## DATA UNDER STUDY
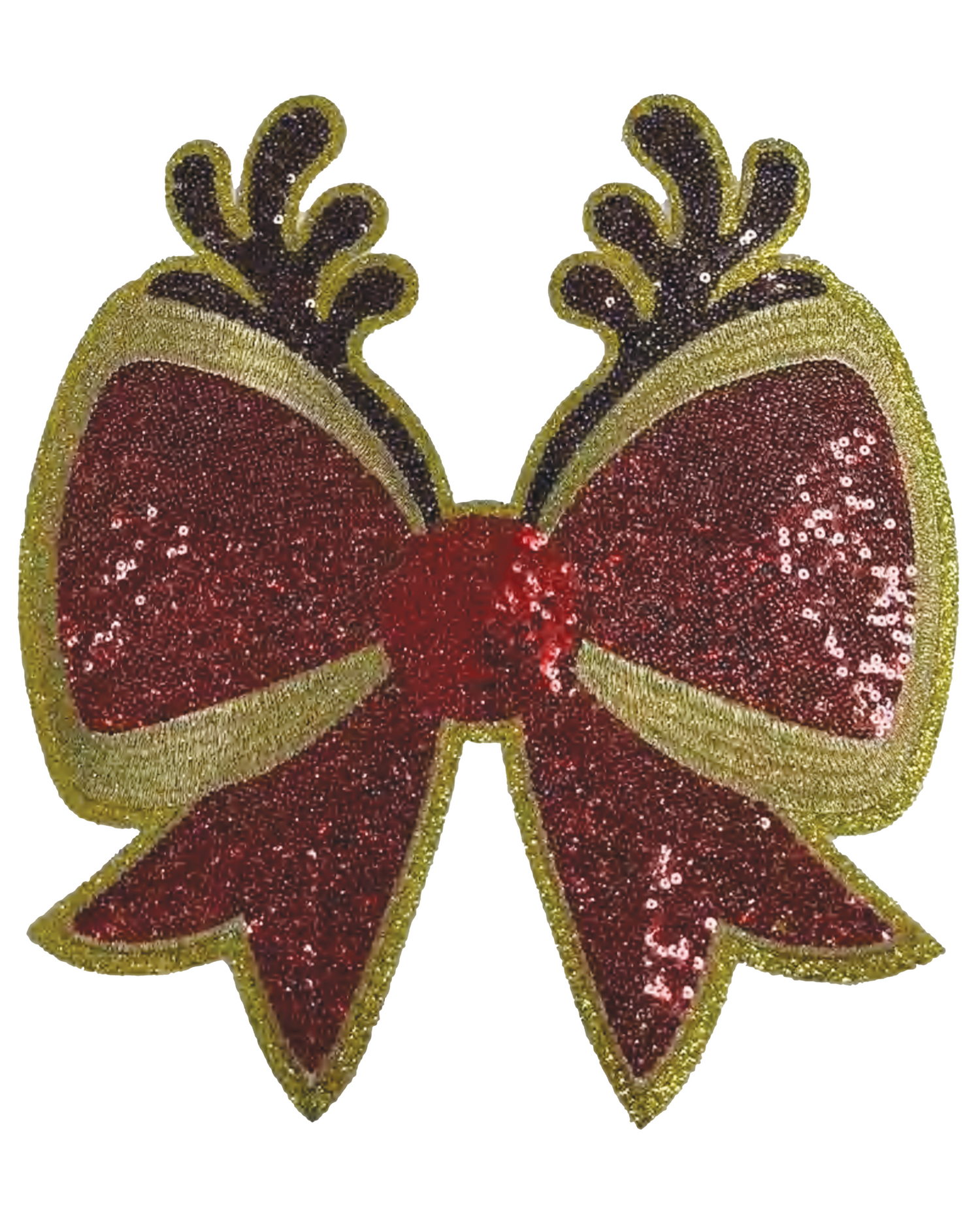 PRE-ORDER Reindeer Bow Chenille Patch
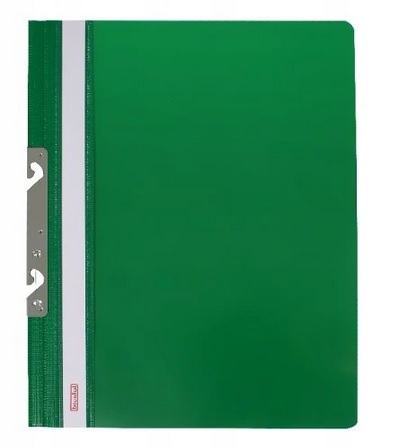 Skoroszyt A4 Zielony Sztywny Metalowa Zawieszka Biurfol_57586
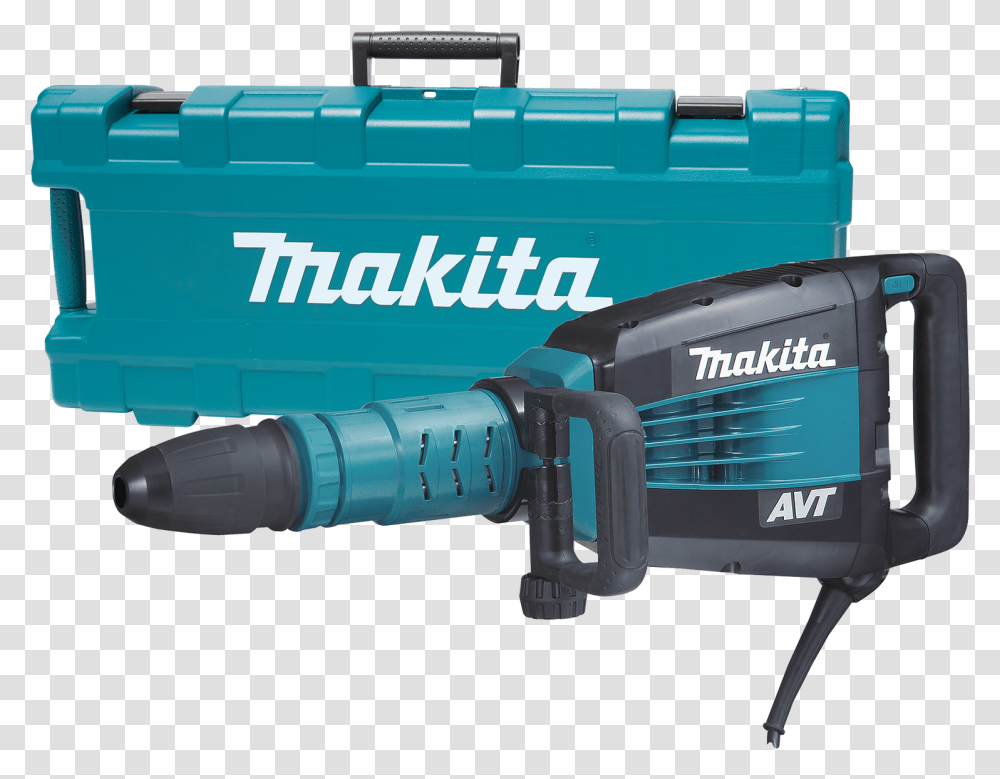 Jack Hammer Hm1214c Makita Demolition Hammer, Power Drill, Tool, Machine, Box Transparent Png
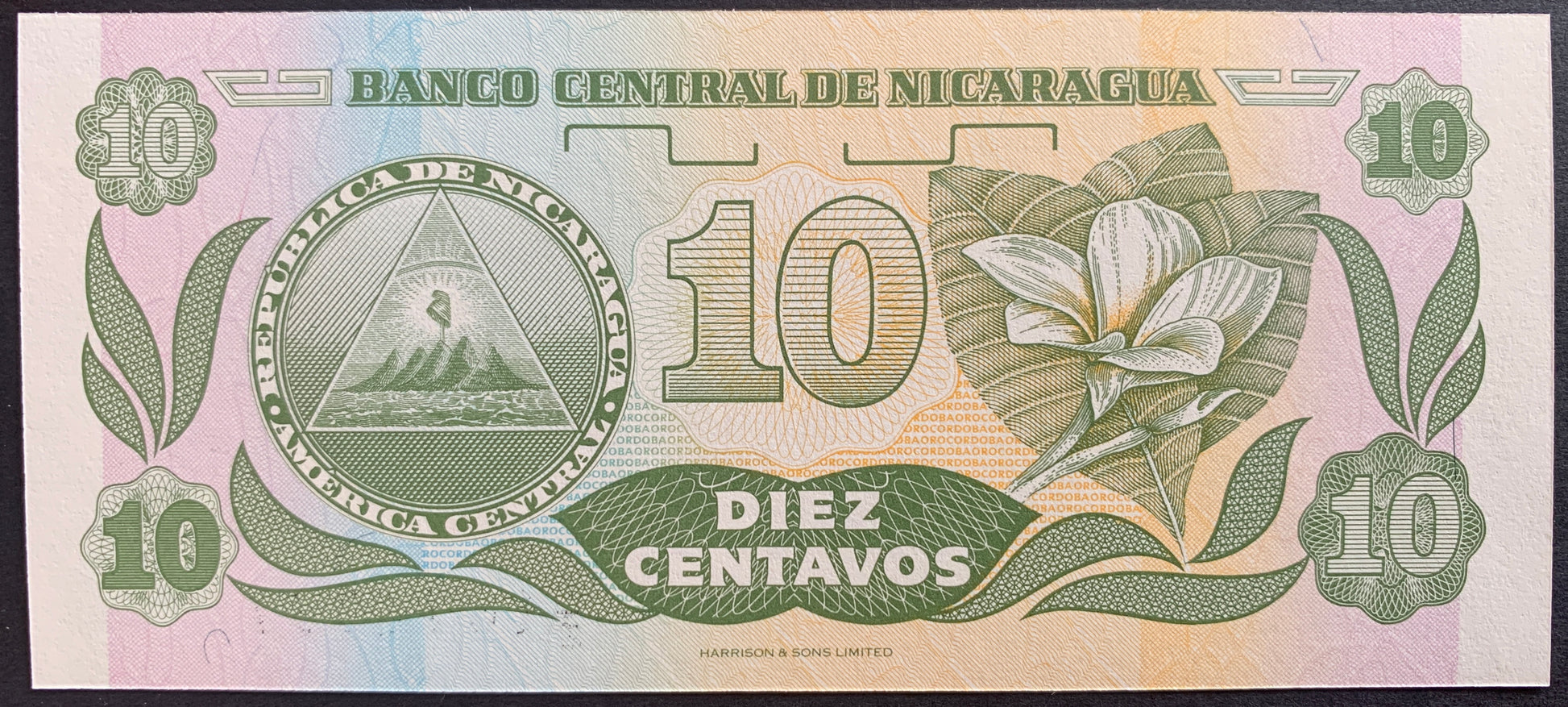 Nicaragua 10 Centavos ND (1991) P-169 banknote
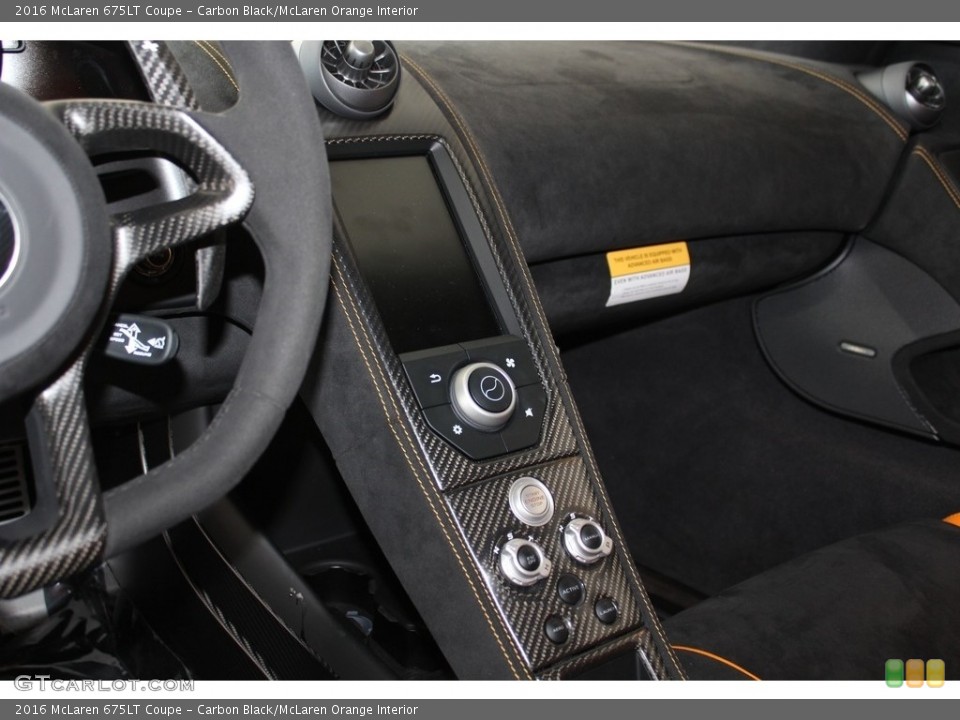 Carbon Black/McLaren Orange Interior Controls for the 2016 McLaren 675LT Coupe #118425088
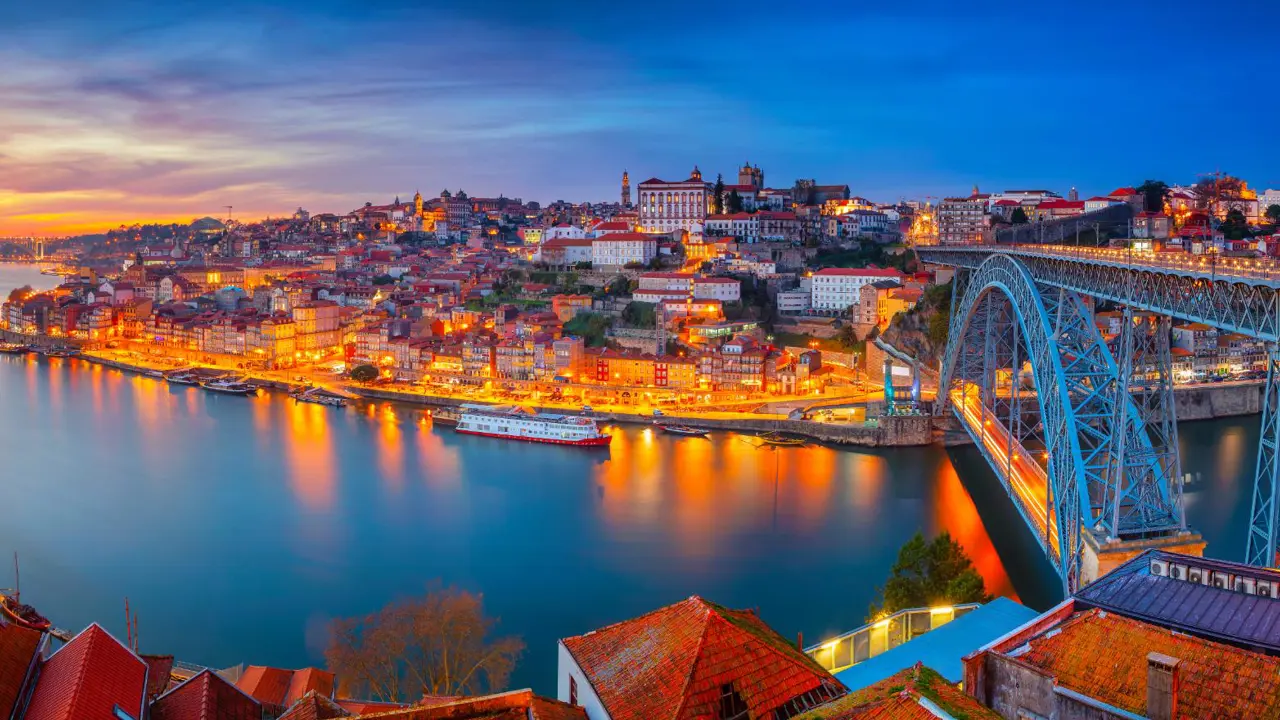 Luis Bridge Over The Douro River, Porto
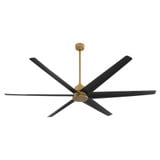 Spree 6 Blade Pation Ceiling Fan 15.5 Inch Tall and 84 Inch Wide by Quorum - 35846
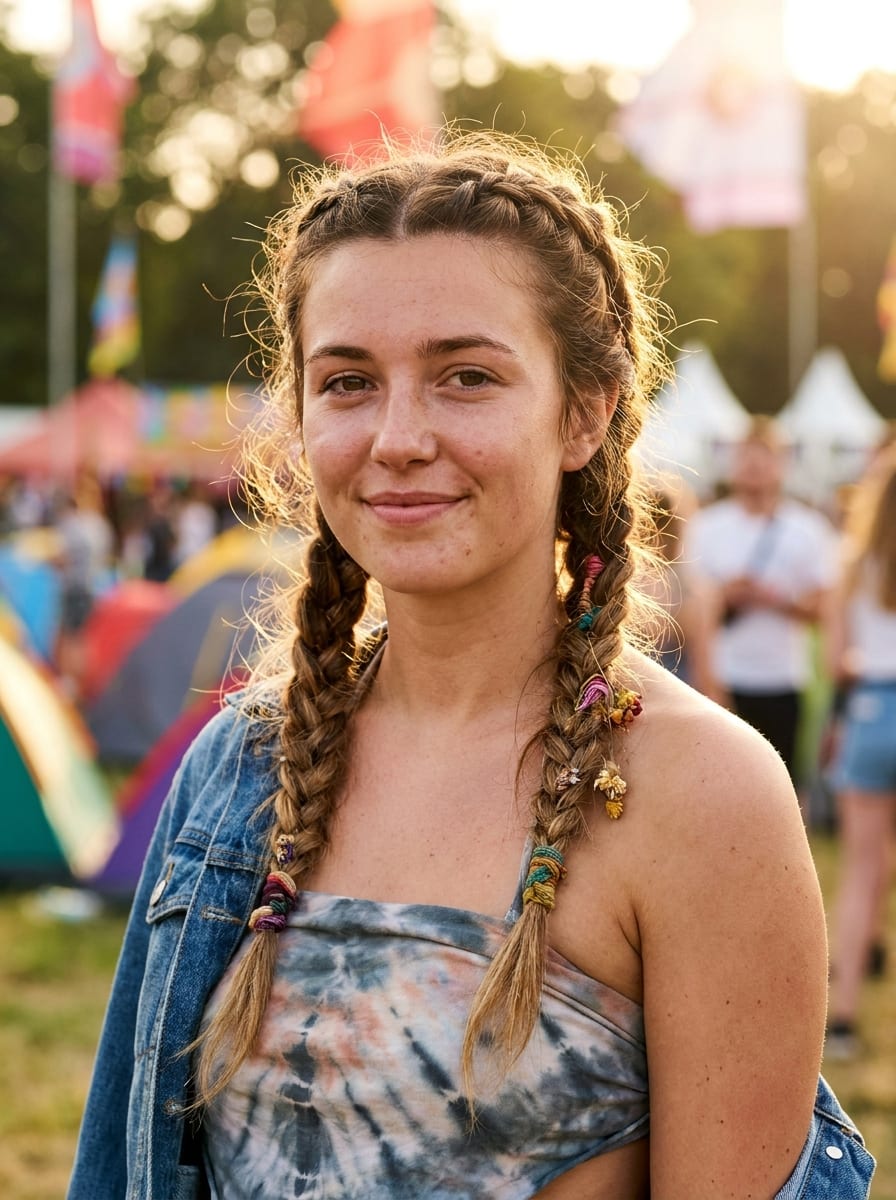 Messy Boxer Braids - Festival Frisur 2026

## WHAT YOU SHOULD DO
Each record above needs to be transcribed word for word, with its pictures omitted.

## ANSWER TO THIS PROBLEM
 PRE-ORDER Reindeer Bow Chenille Patch
 Skoroszyt A4 Zielony Sztywny Metalowa Zawieszka Biurfol_57586
 Jack Hammer Hm1214c Makita Demolition Hammer, Power Drill, Tool, Machine, Box Transparent Png
 Nicaragua 10 Centavos ND (1991) P-169 banknote
 Carbon Black/McLaren Orange Interior Controls for the 2016 McLaren 675LT Coupe #118425088
 Luis Bridge Over The Douro River, Porto
 Spree 6 Blade Pation Ceiling Fan 15.5 Inch Tall and 84 Inch Wide by Quorum - 35846
 Messy Boxer Braids - Festival Frisur 2026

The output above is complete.